21 Saginaw Supernovas 1-2-0
22 Washington Extreme 0-3-0
CTap says, "that season 2 league championship seems like ancient history now. They were largely boosted and we handled them easily for the third time in two seasons."
23 Rhode Island Red Wolves 1-2-0
24 Kentucky Wildcats 1-2-0
CTap says, "those two losses are ugly looking."
25 Tecmo SuperBowlers 0-3-0
CTap says, "Have they replaced Warpath as the best team with an absentee owner?"
26 Denver Globetrotters 0-3-0
27 Kansas Warriors 1-2-0
28 Oakland Intimidators 0-3-0
CTap says, "This one is obvious. With tiger5 as a GM, they are too nice to be intimidating. A name change should right the ship."
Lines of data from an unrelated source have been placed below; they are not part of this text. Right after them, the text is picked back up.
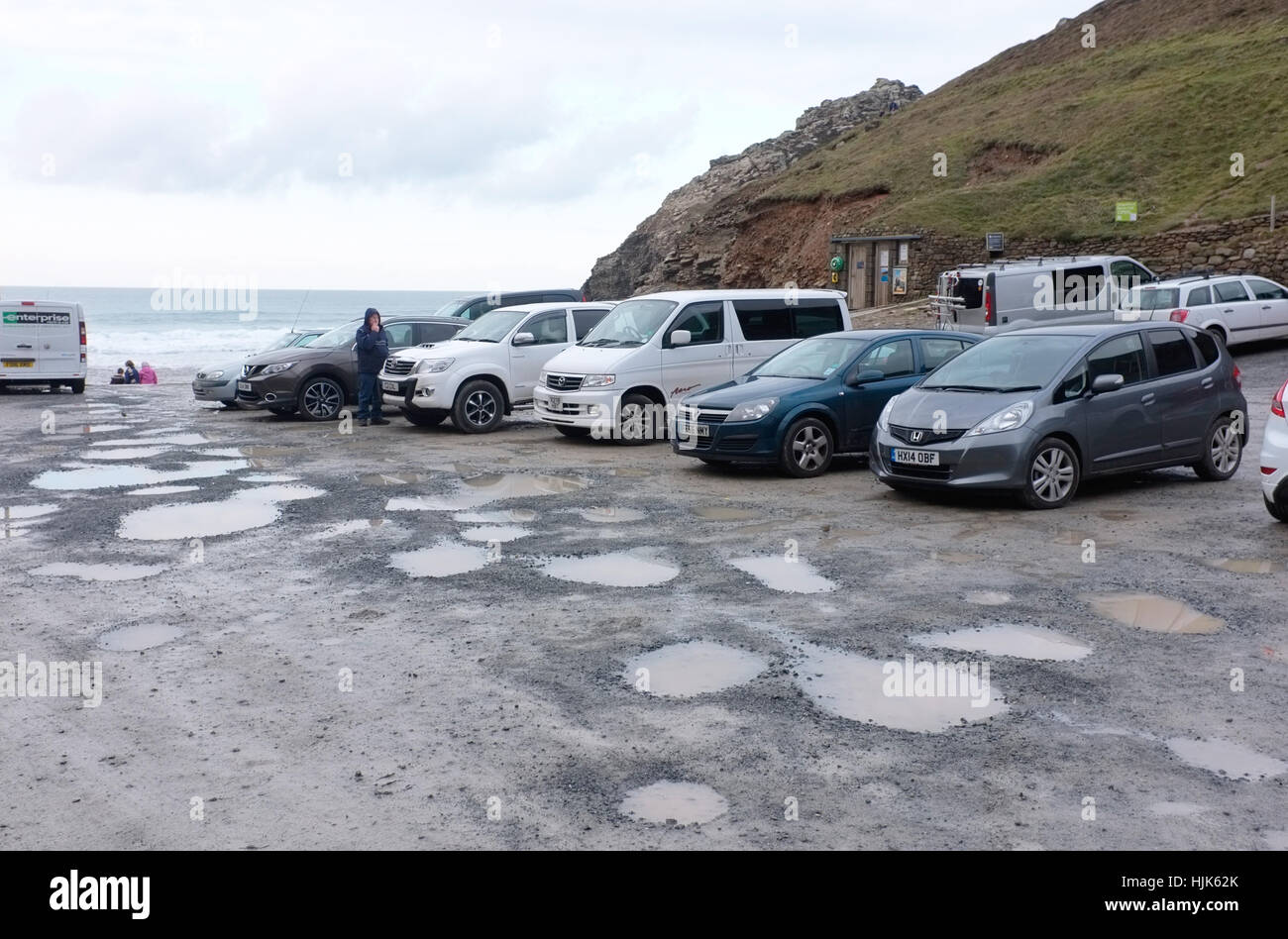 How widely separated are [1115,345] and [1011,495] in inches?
74.6

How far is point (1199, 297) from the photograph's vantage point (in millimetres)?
23703

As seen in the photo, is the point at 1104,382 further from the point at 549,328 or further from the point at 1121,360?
the point at 549,328

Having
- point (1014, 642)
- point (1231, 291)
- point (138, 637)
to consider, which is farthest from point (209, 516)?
point (1231, 291)

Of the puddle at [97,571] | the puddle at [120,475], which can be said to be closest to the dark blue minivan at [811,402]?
the puddle at [120,475]

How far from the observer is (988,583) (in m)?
8.09

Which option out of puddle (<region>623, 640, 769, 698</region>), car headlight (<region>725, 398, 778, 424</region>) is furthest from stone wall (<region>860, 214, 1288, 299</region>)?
puddle (<region>623, 640, 769, 698</region>)

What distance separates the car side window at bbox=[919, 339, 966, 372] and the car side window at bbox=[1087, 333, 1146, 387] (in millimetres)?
2536

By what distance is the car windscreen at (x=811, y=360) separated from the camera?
13.8 m

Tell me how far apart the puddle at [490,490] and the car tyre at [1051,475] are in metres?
4.41

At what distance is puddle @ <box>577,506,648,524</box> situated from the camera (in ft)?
34.7

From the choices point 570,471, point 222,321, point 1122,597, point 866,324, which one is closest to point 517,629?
point 1122,597

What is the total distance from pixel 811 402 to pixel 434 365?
672 cm

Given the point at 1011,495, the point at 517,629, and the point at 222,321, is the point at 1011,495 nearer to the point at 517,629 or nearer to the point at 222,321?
the point at 517,629

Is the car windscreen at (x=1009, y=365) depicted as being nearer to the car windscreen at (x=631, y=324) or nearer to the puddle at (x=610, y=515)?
the puddle at (x=610, y=515) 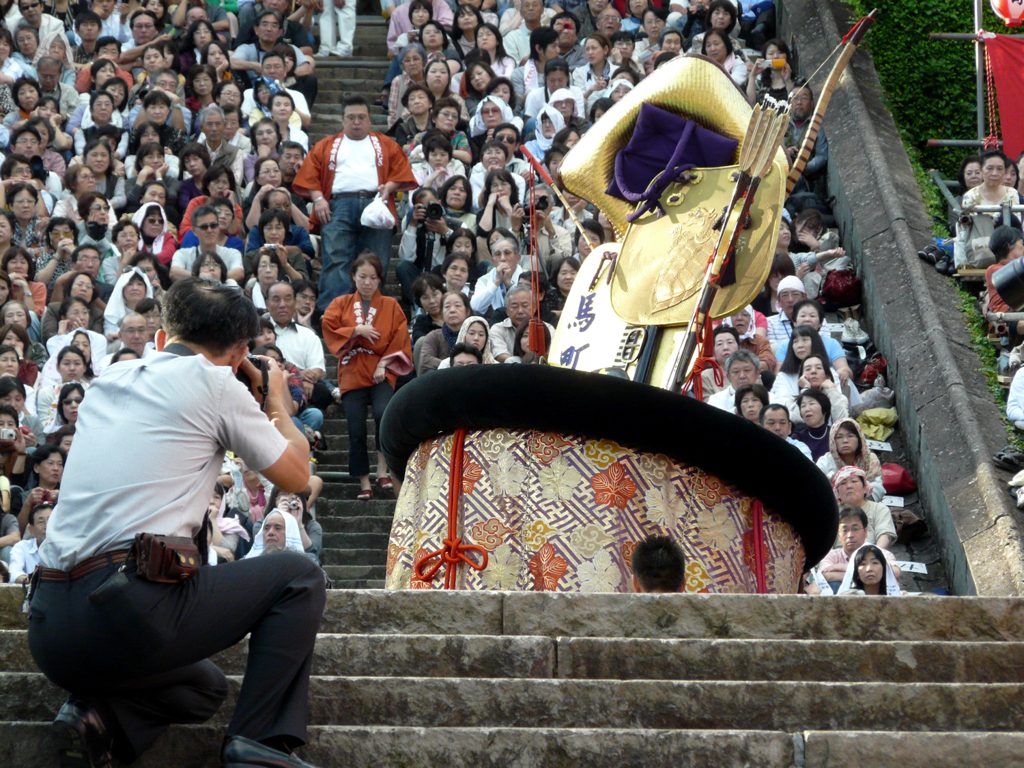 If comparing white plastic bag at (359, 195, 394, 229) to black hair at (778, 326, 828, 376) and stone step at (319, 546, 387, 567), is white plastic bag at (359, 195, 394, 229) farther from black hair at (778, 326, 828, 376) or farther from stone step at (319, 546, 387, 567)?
black hair at (778, 326, 828, 376)

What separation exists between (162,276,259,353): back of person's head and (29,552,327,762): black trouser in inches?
25.1

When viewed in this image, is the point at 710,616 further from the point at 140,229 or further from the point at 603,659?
the point at 140,229

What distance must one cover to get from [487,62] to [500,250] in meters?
4.08

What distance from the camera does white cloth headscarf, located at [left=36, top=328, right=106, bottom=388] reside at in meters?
11.2

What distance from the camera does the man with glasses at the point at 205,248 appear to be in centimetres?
1251

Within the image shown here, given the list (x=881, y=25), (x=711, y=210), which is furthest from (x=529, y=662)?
(x=881, y=25)

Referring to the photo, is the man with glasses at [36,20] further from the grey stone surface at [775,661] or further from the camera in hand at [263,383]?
the grey stone surface at [775,661]

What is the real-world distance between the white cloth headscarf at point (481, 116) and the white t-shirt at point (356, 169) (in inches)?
66.6

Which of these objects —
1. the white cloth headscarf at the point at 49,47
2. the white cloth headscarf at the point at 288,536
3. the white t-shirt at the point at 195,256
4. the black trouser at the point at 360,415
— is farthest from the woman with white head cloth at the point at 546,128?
the white cloth headscarf at the point at 288,536

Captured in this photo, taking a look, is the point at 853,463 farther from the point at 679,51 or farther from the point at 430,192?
the point at 679,51

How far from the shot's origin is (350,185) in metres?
13.3

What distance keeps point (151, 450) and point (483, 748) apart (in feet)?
4.09

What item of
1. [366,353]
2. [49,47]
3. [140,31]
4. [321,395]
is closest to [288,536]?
[366,353]

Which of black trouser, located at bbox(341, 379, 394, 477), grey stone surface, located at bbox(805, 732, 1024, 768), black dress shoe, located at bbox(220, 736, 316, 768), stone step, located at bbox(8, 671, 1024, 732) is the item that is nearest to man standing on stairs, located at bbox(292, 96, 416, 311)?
black trouser, located at bbox(341, 379, 394, 477) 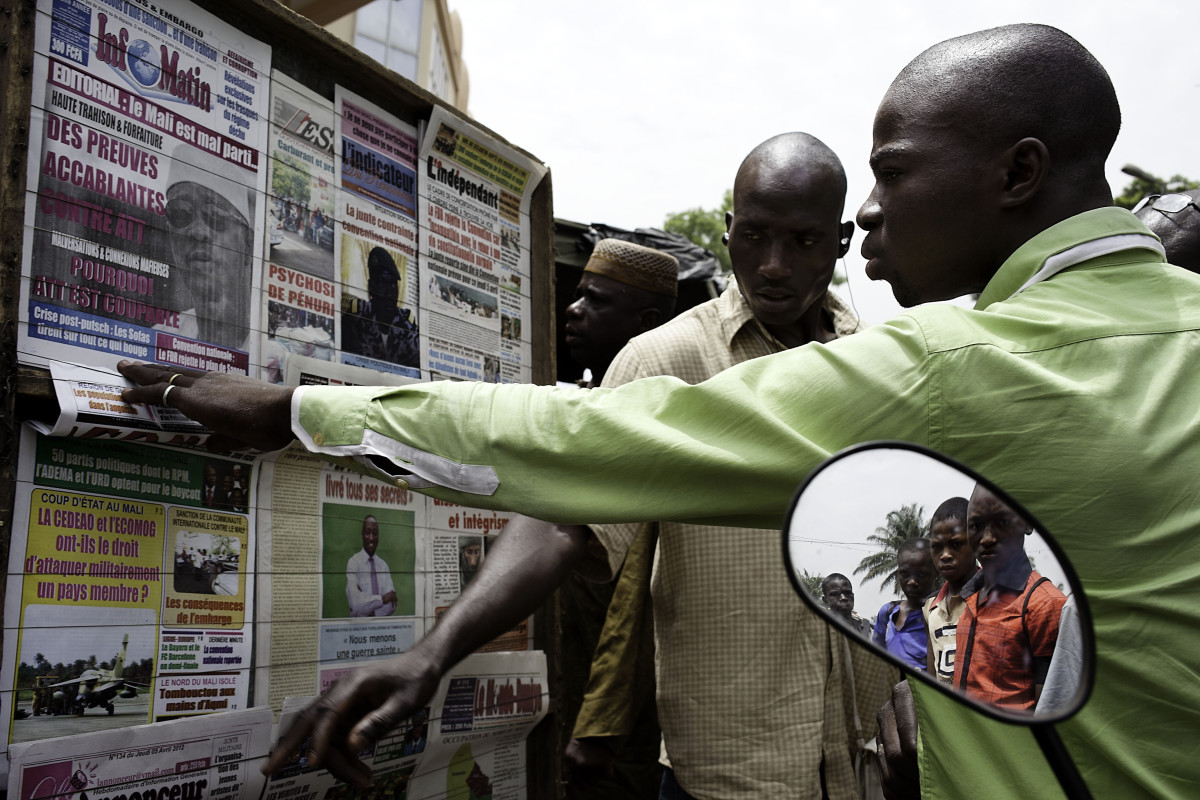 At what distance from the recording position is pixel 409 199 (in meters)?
2.39

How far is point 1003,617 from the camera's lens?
0.89 meters

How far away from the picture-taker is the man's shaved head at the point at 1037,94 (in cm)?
136

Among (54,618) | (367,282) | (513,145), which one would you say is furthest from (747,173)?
(54,618)

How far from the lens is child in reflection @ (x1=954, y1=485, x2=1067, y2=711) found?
842 mm

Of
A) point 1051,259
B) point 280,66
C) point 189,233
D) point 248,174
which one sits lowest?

29 Sacramento SaberCats 1-2-0
Auris wanted a comment, so here goes:
"Nope, I got nothing... nevermind."
Pseudo Jed adds *snore* and 'Grrrr! Too much corn rankings means Pseudo Jed hungry. SaberCat taste like chicken."
30 Camden Outkasts 0-3-0
31 Miami Bulldogs 0-3-0
32 Sparta Wardogs 0-3-0
CTap says, "if they could be relegated to to the D-leagues, they could compete for at least a playoff birth."